Two important federal laws protect the privacy rights of all students: the Family Educational Rights and Privacy Act of 1974, 20 U.S.C. 1232g, “FERPA” and Protection of Pupil Rights Amendment, 20 U.S.C. §1232h, “PPRA.” Both of these laws create obligations that should be incorporated into a school district’s operational policies.
FERPA makes student educational records and personally identifiable information confidential. It ensures parental access to records and a mechanism to challenge the accuracy of such records. It establishes very specific guidelines and exceptions with regard to access, disclosure and amendment of information in student records. It also enables school districts to identify categories of “directory information,” (such as name, telephone, address, etc.) that may be disclosed without prior written consent unless a parent or guardian opts out of such disclosure.
PPRA gives parents the opportunity to limit the kind of personal information that school district may elicit or otherwise collect from students as part of a survey, analysis, evaluation or certain types of physical examinations. It also establishes parental access to information about these surveys or instructional materials that concern student information of a protected nature.

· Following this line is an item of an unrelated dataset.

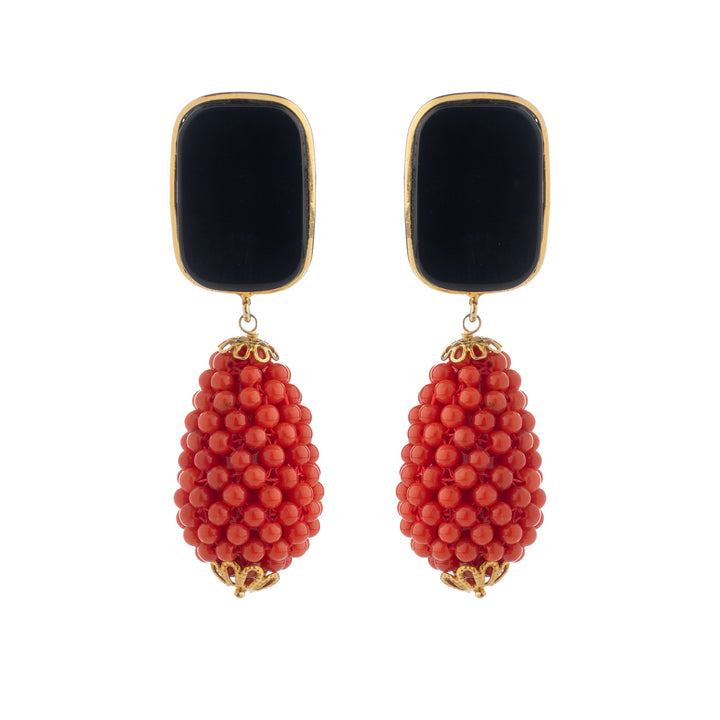 Red coral and black agate pendant earrings mounted on silver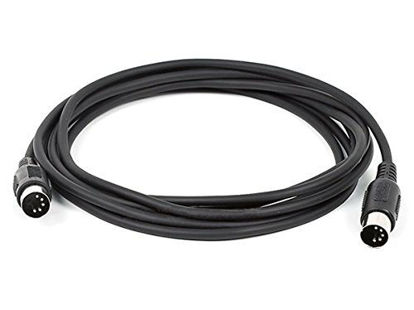Picture of Monoprice MIDI Cable - 10 Feet - Black with Keyed 5-pin DIN Connector, Molded Connector Shells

A very simplified explanation of the difference between these laws is that FERPA protects information that the school district already has about a student and the PPRA protects information that the district does not have, but might otherwise obtain from students that is private in nature. Both laws require school districts to provide parents with annual notification of these rights, but the content of the annual notification differs greatly between FERPA and PPRA. In addition, the definition of the term “personal information” differs. As a result, school districts should keep these two privacy-related policies separated for clarity of purpose and greater ease of administration of the district’s responsibilities.